With key leaders focused on other issues, like redistricting and the state's troubled $16 billion budget, lawmakers are struggling to get top Democrats aboard on a proposal that would eliminate book and fee payments to HOPE scholars this fall, a move that would cost some college students more than $1,000 per year.
 
"We're to the point where we need to do something by next week if we're going to do anything," said Senate Higher Education Chairman Bill Hamrick (R-Carrollton).
 
Lt. Gov. Mark Taylor delivered a letter Tuesday to Gov. Sonny Perdue asking him to raise the lottery revenue estimate by $125 million for next year and put the money in the budget to pay for books and fees. Perdue had cut the funding and lowered the estimate of how much money would be available to pay for the program.
 
"Despite the fact that the lottery is projected to break another record, your budget cuts the HOPE scholarship by 18 percent," Taylor wrote. "Not only does this stroke of a pen directly impact the students and their families, it forever alters the benefits of HOPE."
 
The governor's staff has said Taylor's plan to preserve the scholarship, which maintains book and fee payments, would bankrupt HOPE by 2006.
 
Changes in HOPE are being considered because state analysts project that the program, which is funded by the lottery, will begin eating into reserves in a few years. The number of HOPE scholars — those who attain and maintain at least a B average — and the cost of tuition, fees and books are expected to rise faster than lottery revenues.
 
However, some Democrats question the need to make major changes this year. Taylor notes that lottery sales have been up every year but one in the past decade.
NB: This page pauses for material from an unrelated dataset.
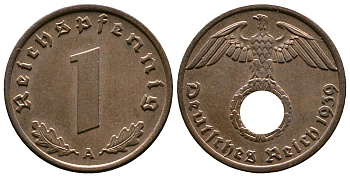 Германия 1 рейхспфенниг 1939 A KM 89, J. 361 бронза    220-342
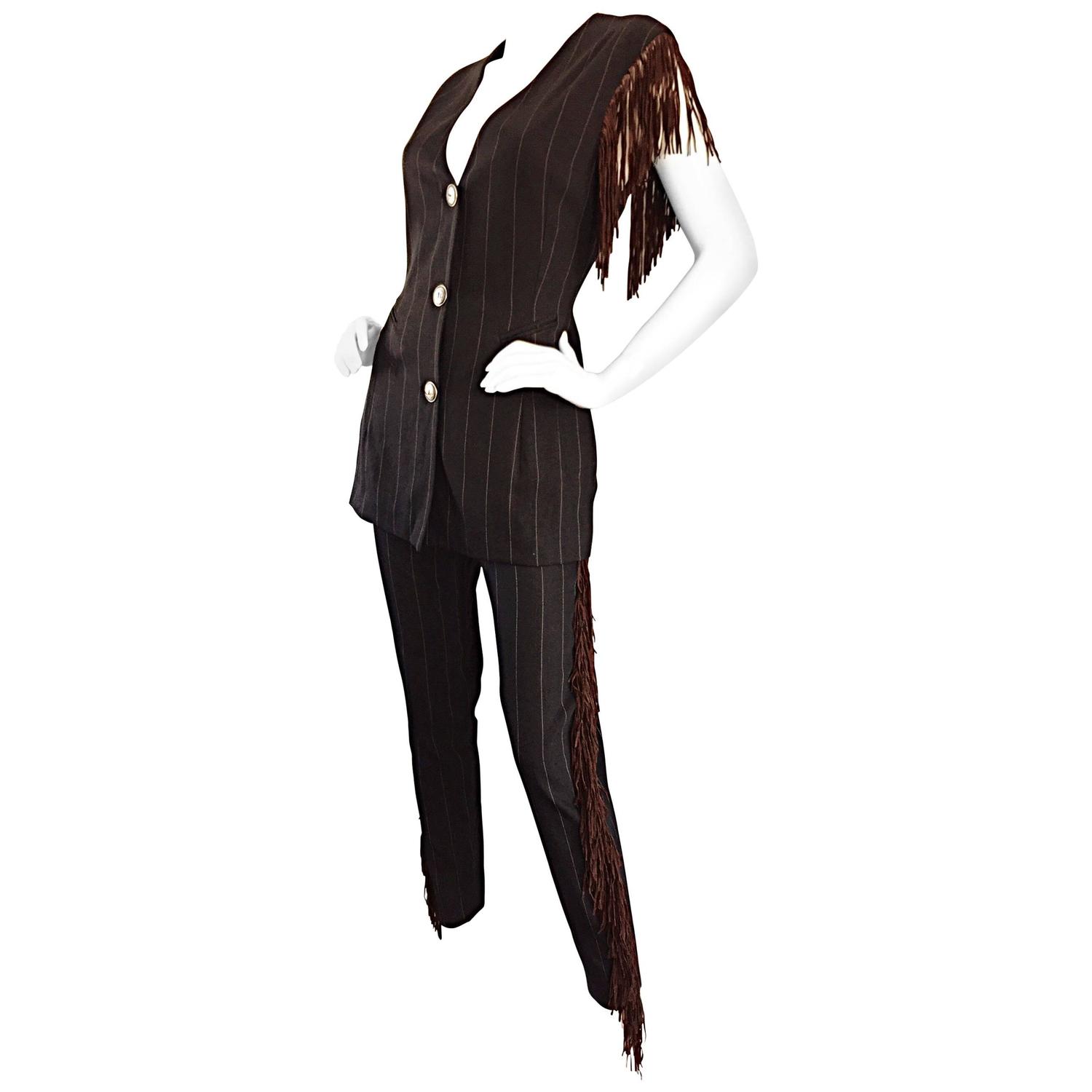 Rare Rifat Ozbek Vintage Black + White Pinstripe Leather Fringe Vest Pant Suit For Sale at 1stdibs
They rose 5 percent during the first six months of fiscal 2004, which ends June 30. Some House Democratic leaders also think analysts may have overstated the projected rise in HOPE costs in coming years.
 
Hamrick and House Higher Education Chairwoman Louise McBee (D-Athens) say they want to pass their bills in tandem to show the proposals have bipartisan backing. They headed a task force last fall that helped develop the legislation. They have been talking to Senate and House Democrats in hopes of securing their support.
 
"We're working hard as we can to find out what's doable," Hamrick said. "It needs to be something close to what we're proposing."
 
After studying the issue for the second half of 2003, McBee said, "It's going to look kind of funny if we don't do something."
 
Rep. Chuck Martin (R-Alpharetta), a member of the House Higher Education Committee, said the numbers show something needs to be done to save HOPE now, but he's also worried the program has gotten caught up in partisan politics.
 
"We know it's an election year, and that nobody wants to take something away from people," Martin said. "I fear we are going to get to a place where we don't do anything."